Even in draft form, the document represents CIA’s fullest narrative treatment of the Watergate affair, which first surfaced publicly in the predawn hours of June 17, 1972. That’s when Washington police, dressed in plain clothes and responding to a call from a private security guard, arrested at gunpoint five burglars inside the Democratic National Committee headquarters at the Watergate office complex in Washington.

The arrested men were wearing business suits and rubber gloves and carrying electronic eavesdropping devices. Investigation swiftly revealed that one of them was employed by the president's re-election campaign committee, and that four of the five boasted past ties to CIA. But one of the arrested men, it turns out, was still on Langley's payroll at the time of the arrests, and had been feeding information about the break-in team to his CIA case officers the entire time.

That CIA mole was Eugenio R. Martinez, a Cuban Bay of Pigs veteran who was recruited to the break-in team by E. Howard Hunt, the legendary former CIA officer and spy novelist who had helped plan the Bay of Pigs operation in the Kennedy era and had gone on to work as a consultant on covert projects at the Nixon White House. Along with re-election committee lawyer G. Gordon Liddy, a former FBI agent, Hunt masterminded the doomed break-in and surveillance operation at the DNC; he and Liddy would be indicted along with the five arrested men and both would serve lengthy sentences in federal prison.

While Watergate scholars have previously reported that Martinez was a CIA informant during the time he was working for Hunt and Liddy – the wiry operative known as "Musculito" provided Langley with a steady stream of information about the Cuban exile community in Miami, from where he and three of the other burglars hailed, for $100 a month (about $575 today)  – the newly declassified CIA document fleshes out the relationship in greater detail and shows how highly the Agency prized it.

In October 1973 – by which point the months-long effort of the Nixon White House to cover up the origins of the DNC break-in had collapsed, and President Nixon was struggling in vain to stave off impeachment – attorneys from the Watergate Special Prosecution Force met with the CIA’s top lawyer and sought access to documents concerning Martinez. In particular, the draft report states, the WSPF lawyers wanted to review a previous report prepared by one of Martinez’s case officers in Miami and a copy of Martinez’s “roundup of his discussions with Hunt” from April 1972, the month before the burglars first penetrated the DNC suite.

CIA General Counsel John S. Warner adamantly refused. “Warner stated that under no circumstances would the Agency give up all records relating to the Agency’s relationship with Martinez,” the report stated. “Warner explained why such a request was difficult for the Agency – the breaching of trust of an agent.”

The document marks the first known reference by CIA to Martinez as “an agent,” as opposed to an informant, and exposes how valuable an asset the Agency considered him to be.
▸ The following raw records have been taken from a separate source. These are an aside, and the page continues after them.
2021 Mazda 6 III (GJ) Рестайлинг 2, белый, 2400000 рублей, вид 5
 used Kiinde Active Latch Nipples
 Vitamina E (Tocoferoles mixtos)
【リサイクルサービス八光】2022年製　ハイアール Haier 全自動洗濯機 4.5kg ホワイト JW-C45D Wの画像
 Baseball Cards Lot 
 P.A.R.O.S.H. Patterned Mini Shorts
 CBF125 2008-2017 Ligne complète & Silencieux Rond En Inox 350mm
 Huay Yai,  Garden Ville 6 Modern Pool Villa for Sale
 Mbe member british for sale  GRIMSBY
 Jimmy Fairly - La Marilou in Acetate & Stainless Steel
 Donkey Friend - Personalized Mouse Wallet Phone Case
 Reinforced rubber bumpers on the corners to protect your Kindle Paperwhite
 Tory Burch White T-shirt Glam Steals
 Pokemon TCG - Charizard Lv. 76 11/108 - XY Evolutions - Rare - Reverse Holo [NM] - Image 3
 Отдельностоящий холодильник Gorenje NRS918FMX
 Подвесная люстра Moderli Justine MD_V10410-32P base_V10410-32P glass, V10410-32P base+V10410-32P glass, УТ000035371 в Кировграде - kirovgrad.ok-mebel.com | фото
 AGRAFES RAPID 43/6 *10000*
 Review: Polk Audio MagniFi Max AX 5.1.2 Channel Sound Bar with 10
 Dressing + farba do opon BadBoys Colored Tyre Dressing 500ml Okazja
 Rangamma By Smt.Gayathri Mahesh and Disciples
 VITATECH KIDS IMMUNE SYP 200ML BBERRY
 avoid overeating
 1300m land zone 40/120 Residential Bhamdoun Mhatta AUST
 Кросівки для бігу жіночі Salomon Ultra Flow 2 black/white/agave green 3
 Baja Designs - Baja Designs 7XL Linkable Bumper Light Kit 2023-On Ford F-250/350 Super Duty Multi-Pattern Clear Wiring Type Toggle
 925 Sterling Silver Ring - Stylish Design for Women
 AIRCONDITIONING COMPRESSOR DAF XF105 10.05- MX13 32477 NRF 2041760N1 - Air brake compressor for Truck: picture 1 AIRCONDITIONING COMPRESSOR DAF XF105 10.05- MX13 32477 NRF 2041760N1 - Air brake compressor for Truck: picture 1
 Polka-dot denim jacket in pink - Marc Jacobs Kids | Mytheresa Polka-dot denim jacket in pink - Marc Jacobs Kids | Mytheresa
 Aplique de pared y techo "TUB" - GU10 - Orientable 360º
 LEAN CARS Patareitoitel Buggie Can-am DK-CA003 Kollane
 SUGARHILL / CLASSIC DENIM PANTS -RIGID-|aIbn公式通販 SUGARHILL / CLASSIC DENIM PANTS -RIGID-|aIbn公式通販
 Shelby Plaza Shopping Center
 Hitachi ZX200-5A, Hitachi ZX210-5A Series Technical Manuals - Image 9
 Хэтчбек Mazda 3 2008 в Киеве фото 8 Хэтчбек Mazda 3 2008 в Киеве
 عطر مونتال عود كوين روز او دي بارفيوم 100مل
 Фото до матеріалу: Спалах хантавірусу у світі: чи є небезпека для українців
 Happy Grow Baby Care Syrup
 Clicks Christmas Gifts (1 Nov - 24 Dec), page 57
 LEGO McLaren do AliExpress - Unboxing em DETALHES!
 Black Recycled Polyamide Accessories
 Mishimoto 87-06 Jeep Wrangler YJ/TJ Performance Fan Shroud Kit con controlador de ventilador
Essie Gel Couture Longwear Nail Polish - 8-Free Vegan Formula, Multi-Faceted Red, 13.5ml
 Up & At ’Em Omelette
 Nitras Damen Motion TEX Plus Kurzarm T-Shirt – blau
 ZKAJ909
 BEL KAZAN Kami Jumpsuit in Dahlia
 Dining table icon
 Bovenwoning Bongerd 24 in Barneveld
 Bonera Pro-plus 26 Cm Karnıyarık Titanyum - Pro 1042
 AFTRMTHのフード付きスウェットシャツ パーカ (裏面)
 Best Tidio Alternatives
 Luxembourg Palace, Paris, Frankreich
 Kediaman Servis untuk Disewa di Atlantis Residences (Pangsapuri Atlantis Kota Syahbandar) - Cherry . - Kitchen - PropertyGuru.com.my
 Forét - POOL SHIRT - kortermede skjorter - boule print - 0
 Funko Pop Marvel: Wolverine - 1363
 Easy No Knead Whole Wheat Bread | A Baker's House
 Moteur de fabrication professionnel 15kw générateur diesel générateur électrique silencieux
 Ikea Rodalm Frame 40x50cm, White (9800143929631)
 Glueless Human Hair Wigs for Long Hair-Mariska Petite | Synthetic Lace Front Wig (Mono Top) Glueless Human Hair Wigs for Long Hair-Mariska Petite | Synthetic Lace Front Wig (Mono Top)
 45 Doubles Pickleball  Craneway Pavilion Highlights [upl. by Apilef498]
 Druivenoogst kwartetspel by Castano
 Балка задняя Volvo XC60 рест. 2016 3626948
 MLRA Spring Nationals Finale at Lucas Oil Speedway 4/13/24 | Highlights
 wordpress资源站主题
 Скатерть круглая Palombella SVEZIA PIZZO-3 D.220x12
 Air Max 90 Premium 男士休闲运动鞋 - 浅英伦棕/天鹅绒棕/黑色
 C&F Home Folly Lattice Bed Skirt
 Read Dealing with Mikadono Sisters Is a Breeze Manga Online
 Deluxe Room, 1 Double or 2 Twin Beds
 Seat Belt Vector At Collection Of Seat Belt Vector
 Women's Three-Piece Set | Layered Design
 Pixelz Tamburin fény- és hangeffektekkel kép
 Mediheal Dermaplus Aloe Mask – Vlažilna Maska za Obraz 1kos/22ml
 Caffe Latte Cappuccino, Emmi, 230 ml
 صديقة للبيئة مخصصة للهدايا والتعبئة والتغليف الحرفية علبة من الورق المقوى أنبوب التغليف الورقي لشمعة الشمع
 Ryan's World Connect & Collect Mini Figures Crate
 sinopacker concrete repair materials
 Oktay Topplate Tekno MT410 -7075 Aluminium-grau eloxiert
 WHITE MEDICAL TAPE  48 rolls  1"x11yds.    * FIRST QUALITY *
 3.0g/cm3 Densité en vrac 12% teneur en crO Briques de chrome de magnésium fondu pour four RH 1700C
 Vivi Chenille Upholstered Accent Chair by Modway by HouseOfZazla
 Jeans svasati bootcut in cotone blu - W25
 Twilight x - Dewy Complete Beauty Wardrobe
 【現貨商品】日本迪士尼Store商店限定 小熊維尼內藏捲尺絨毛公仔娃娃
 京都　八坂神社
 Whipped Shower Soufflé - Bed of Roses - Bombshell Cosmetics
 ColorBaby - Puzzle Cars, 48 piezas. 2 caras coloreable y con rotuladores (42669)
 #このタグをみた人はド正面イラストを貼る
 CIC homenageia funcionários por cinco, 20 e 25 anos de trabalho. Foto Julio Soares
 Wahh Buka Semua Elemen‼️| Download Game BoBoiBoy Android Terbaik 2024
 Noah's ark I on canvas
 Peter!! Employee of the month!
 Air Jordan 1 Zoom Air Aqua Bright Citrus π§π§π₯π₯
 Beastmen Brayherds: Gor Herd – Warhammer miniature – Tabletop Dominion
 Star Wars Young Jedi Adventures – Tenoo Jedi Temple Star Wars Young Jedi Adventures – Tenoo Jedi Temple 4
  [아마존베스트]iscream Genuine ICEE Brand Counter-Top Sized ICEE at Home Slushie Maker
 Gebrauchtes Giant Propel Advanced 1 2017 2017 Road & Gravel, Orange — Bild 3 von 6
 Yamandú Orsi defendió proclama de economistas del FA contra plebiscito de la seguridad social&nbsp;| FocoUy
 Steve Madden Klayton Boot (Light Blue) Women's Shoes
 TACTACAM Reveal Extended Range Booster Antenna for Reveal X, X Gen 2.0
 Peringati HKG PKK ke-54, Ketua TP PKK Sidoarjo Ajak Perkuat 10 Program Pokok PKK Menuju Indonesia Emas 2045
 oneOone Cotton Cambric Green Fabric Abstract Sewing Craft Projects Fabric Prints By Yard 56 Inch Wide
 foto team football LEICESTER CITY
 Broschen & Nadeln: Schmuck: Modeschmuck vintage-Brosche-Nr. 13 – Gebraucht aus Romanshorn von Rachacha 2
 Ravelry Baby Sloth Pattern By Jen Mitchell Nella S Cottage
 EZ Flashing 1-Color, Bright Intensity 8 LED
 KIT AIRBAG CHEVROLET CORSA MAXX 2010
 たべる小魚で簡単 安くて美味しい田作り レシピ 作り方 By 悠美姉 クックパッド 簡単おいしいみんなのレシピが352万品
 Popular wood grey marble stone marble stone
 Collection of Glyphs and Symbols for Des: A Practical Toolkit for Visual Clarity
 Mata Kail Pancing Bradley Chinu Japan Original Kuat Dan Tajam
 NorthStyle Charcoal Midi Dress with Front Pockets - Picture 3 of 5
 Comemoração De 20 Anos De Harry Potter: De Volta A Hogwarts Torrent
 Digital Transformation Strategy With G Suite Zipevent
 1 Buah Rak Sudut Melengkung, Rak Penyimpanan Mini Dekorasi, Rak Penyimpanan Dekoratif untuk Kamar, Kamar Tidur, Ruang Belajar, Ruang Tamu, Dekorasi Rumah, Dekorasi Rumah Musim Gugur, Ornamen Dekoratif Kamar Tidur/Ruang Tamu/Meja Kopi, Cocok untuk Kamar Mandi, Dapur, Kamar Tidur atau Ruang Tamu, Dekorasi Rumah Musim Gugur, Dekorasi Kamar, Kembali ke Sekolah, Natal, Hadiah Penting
Among several-dozen passages of the report still redacted today, more than four decades after the events in question, are the names of two CIA case officers to whom Martinez reported.

Elsewhere the report chronicles how top CIA officials, including then-Director Richard Helms, withheld data about Martinez from the FBI at the very outset of its investigation of the break-in.

On June 19, 1972, the first business day after the burglars were arrested, the report notes that Helms received a briefing from CIA’s Director of Security at the time, Howard Osborn, who provided “biographic details” for each of the arrested men. Yet three days later, the report states, Helms told the Bureau's acting director, L. Patrick Gray III, that “none [of the arrested men] had worked for the Agency in the past two years.” That was untrue where Martinez was concerned.

"This CIA Watergate report is an extraordinary historical document," said Judicial Watch President Tom Fitton in a statement to Fox News. "Given that it disclosed direct CIA involvement in Watergate, it is no surprise it took forty-two years and a Judicial Watch lawsuit to force its release."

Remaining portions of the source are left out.